Figure 1. A child plays the custom-made mental exergame using the Myro® while wearing a Shimmer® inertial measurement unit (IMU) at the wrist. The Myro® is a device with a 941 × 529 mm touchscreen. The therapist can adapt the device to the patient's needs by adjusting the angulation, height, and work surface. The device responds to motion, pressure, and pulling, and patients can steer the games using their hands or objects that require different grasps. In therapy, the Myro® enables the training of gross and fine motor skills through video gaming. For this study, children steered the game using their dominant hand and fingers. Reprinted with permission from (11), licensed under CC BY, https://doi.org/10.1371/journal.pone.0326371.

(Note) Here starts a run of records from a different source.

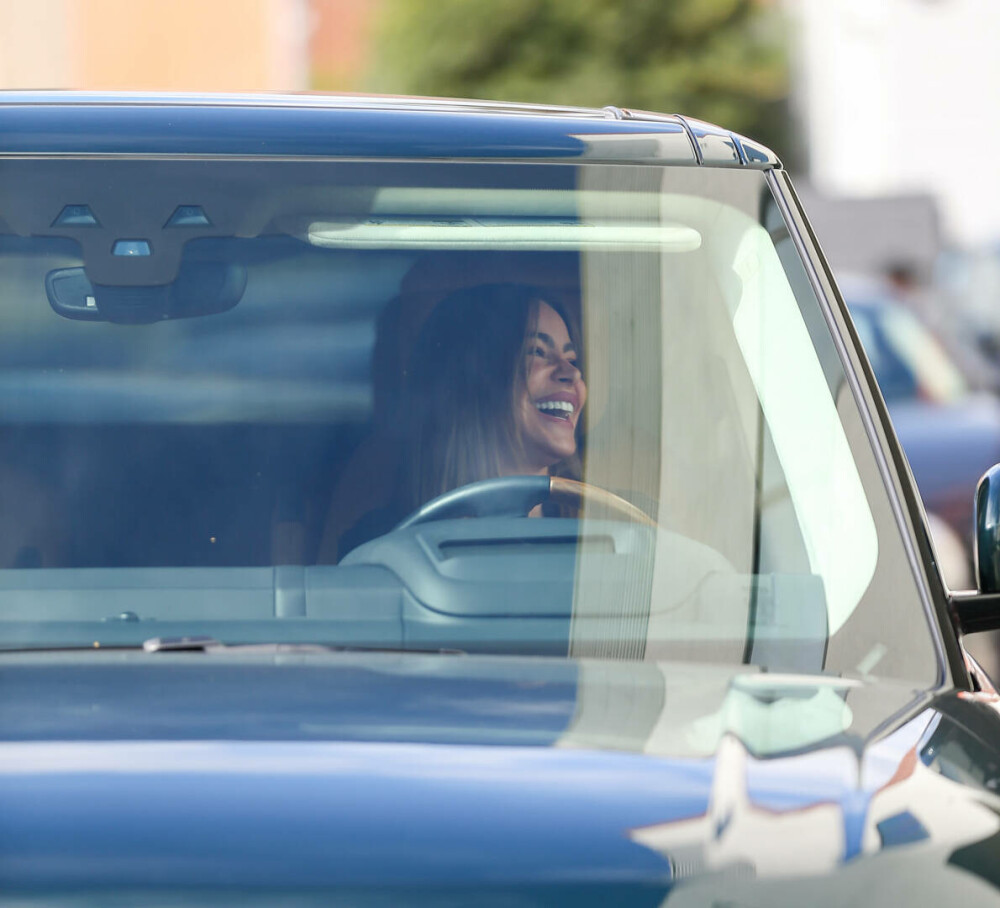 Cum a fost surprinsă Sofia Vergara pe străzile din Beverly Hills. Vedeta a atras toate privirile | GALERIE FOTO - Imaginea 4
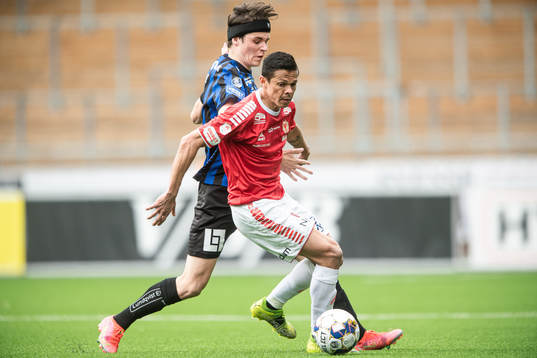 Kalmars Romario Pereira Sipiao och Sirius Jamie Roche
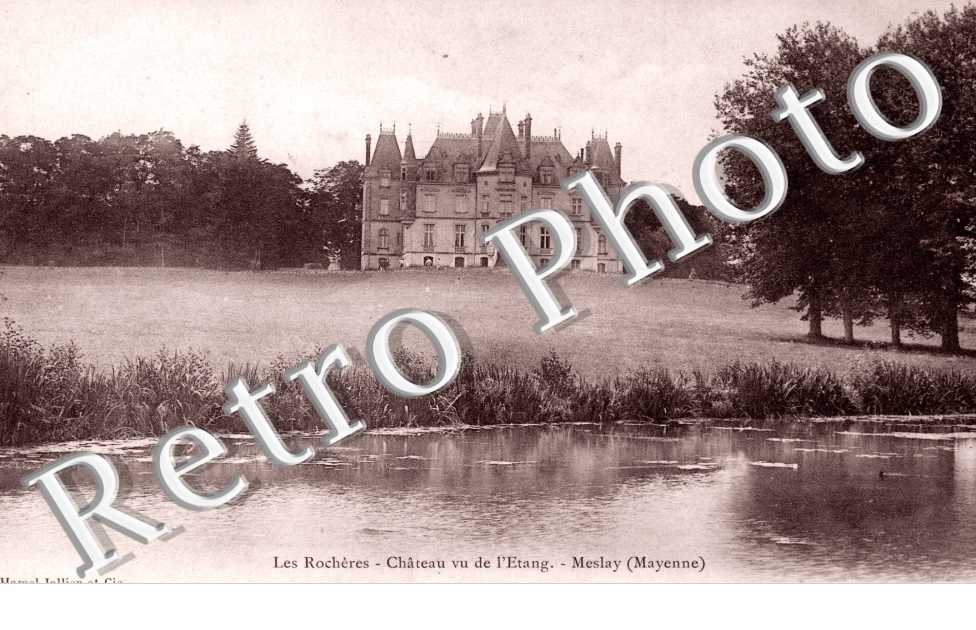 Chateau vu de l'etang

Participants engaged in each exergame at three personalized difficulty levels (“very easy,” “challenging,” and “very difficult”), defined through a calibration procedure. In the mental exergame (visual search), distractors were incrementally added until the participant failed three consecutive trials; the highest successful level defined the calibration output, from which intensity levels were set at 50%, 100%, and 150% (adjusted for child-friendliness). In the motor exergame (balloon-hitting), participants completed a 30 s test where balloons reappeared within 60%–80% of their range of motion; the mean hitting speed defined the calibration output, and intensity levels were set to 30%, 70%, and 100%, following rehabilitation game design principles.
To account for fatigue, we randomized the order of appearance of the intensity levels and exergames. The measurement was repeated on two consecutive days to assess the test-retest reliability of the measures. To account for daily form and learning effects, we repeated the calibration tests each measurement day. A more detailed explanation of the protocol and the exergames can be found in Goikoetxea-Sotelo & Van Hedel (12). The protocols only differ in the mental condition, where participants played the exergame using a mouse instead of their hand to reduce the motor load.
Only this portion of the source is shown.